• _Assignment_
Word for word, please copy the line containing "Advertising poster for J.G.Monnet cognac" and all lines after it in the entries below, and only those, leaving every picture out.

• _Material for the task_
- - -

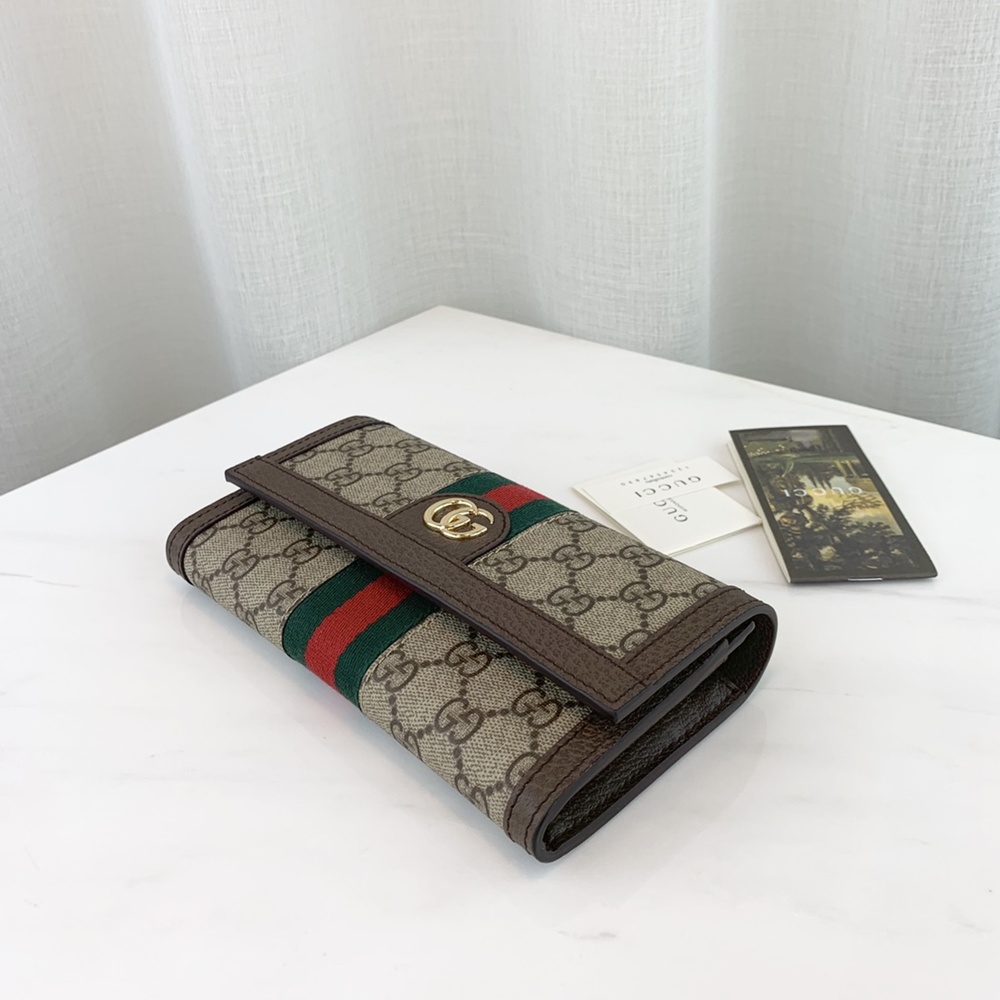[GUCCI] 구찌 546592 오피디아 GG 체인 장지갑 겸 크로스백 가로 19cm x 세로 10cm x 폭 3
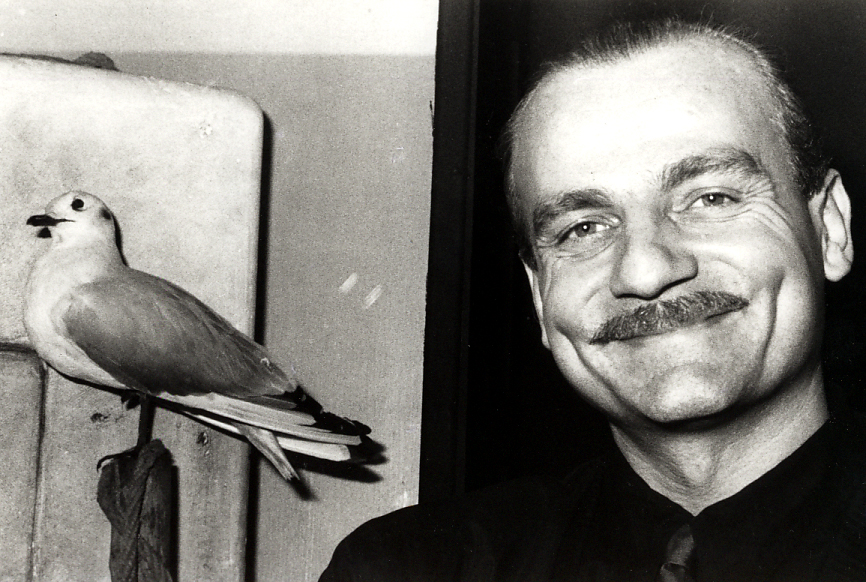 Alain Germain au Muséum d'Histoire Naturelle, Paris, 1988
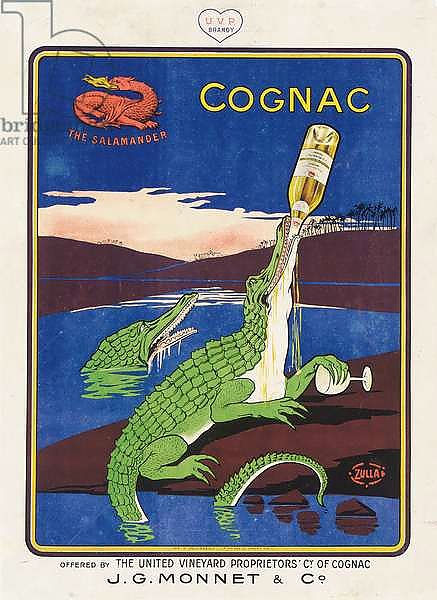 Advertising poster for J.G.Monnet cognac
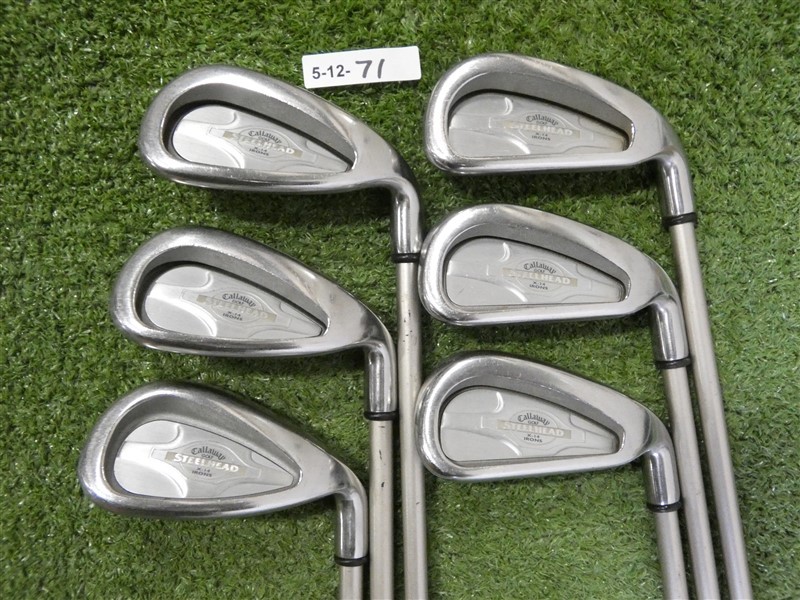 Callaway Steelhead X-14 Womens Irons 5-P Gems Ladies Graphite 2* Upright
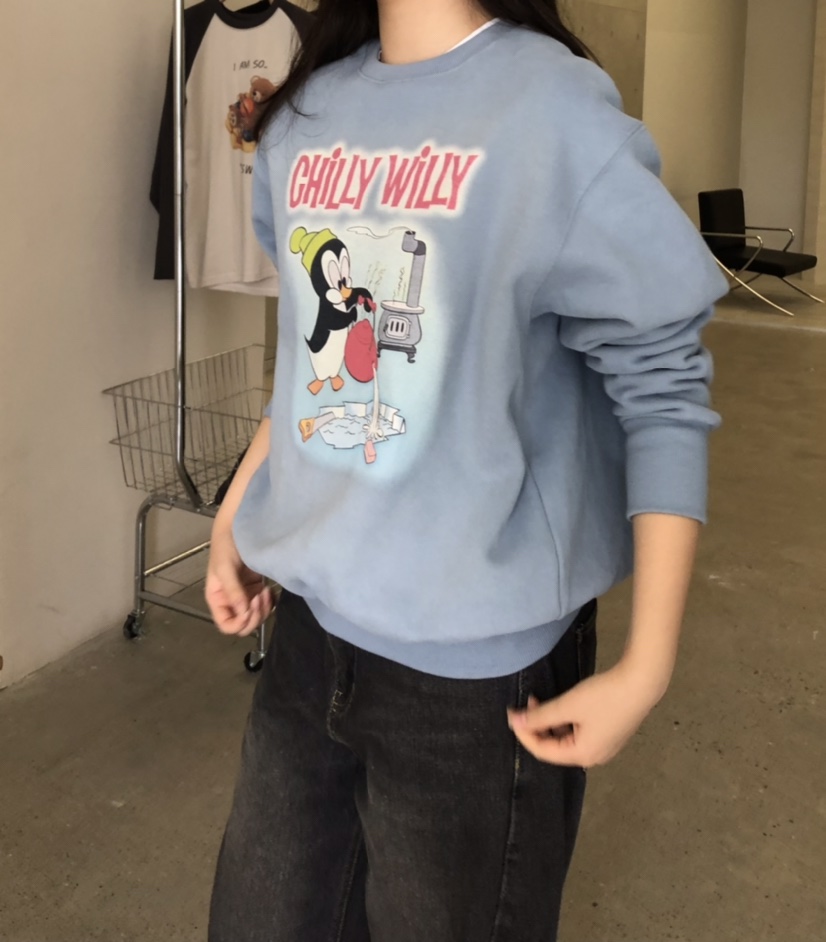 GLAD SOME韓國代購㊣女裝新品人氣休閑真品25秋冬推薦衛衣鵝GLAD SOME衛衣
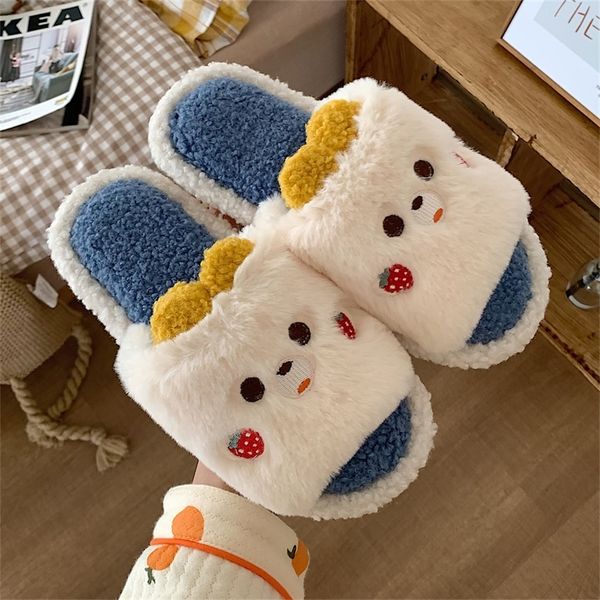 cute couple fashion cartoon pattern bear autumn and winter nonslip warm indoor fluffy slippers home shoe 220725, Black
cute couple fashion cartoon pattern bear autumn and winter nonslip warm indoor fluffy slippers home shoe 220725, Black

- - -

• _Answer box_
 Advertising poster for J.G.Monnet cognac
 Callaway Steelhead X-14 Womens Irons 5-P Gems Ladies Graphite 2* Upright
 GLAD SOME韓國代購㊣女裝新品人氣休閑真品25秋冬推薦衛衣鵝GLAD SOME衛衣
 cute couple fashion cartoon pattern bear autumn and winter nonslip warm indoor fluffy slippers home shoe 220725, Black
cute couple fashion cartoon pattern bear autumn and winter nonslip warm indoor fluffy slippers home shoe 220725, Black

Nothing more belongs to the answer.